- [Task brief]
In the copy, every record below must appear exactly as given, and no picture may appear.

Scraped caption text data
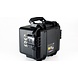 AudioRoot AudioRoot eSMART LiFe-640Wh AudioRoot AudioRoot eSMART LiFe-640Wh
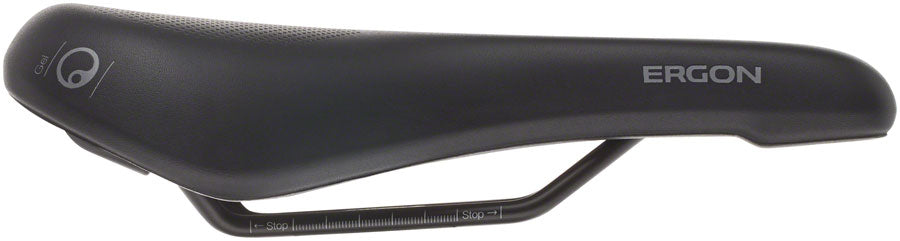 ST Gel Saddle - SA0752-02.jpg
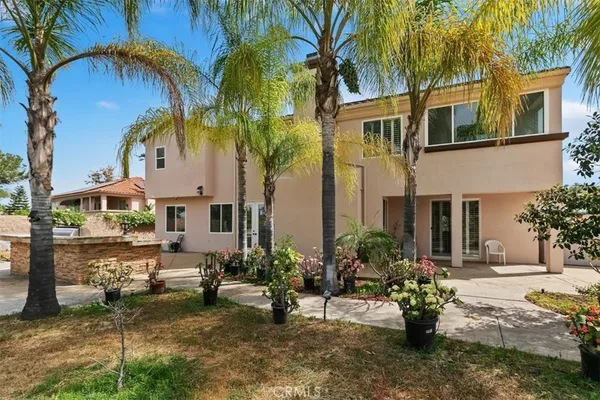 $1,275,000 | 17779 Corinne Way, Riverside, CA 92504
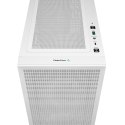 OBUDOWA DeepCool CH360 DIGITAL WH (R-CH360-WHAPE3D-G-1)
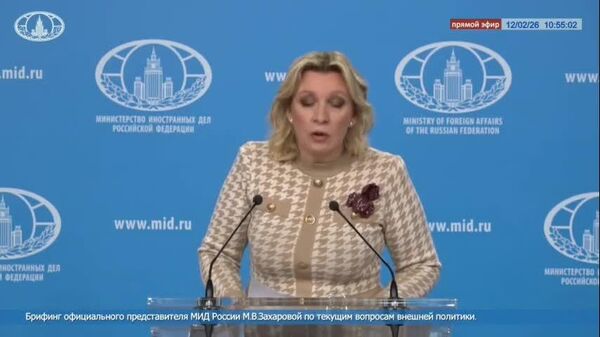 „Din punctul de vedere al bunului-simț și al sănătății mintale, acest lucru este imposibil de explicat” - Sputnik Moldova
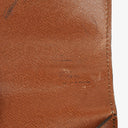 Louis Vuitton Monceau Monogram Canvas Handbag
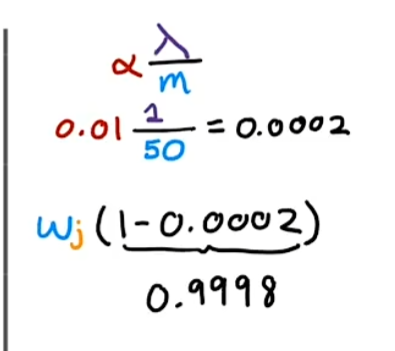 image-20241230174507605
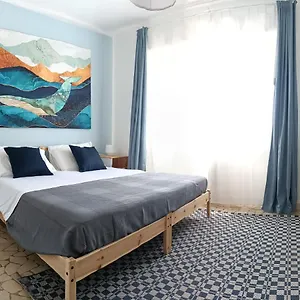 Venice Comodo - Posizione Strategica Apartament Mestre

- [Output for this task]
 AudioRoot AudioRoot eSMART LiFe-640Wh AudioRoot AudioRoot eSMART LiFe-640Wh
 ST Gel Saddle - SA0752-02.jpg
 $1,275,000 | 17779 Corinne Way, Riverside, CA 92504
 OBUDOWA DeepCool CH360 DIGITAL WH (R-CH360-WHAPE3D-G-1)
 „Din punctul de vedere al bunului-simț și al sănătății mintale, acest lucru este imposibil de explicat” - Sputnik Moldova
 Louis Vuitton Monceau Monogram Canvas Handbag
 image-20241230174507605
 Venice Comodo - Posizione Strategica Apartament Mestre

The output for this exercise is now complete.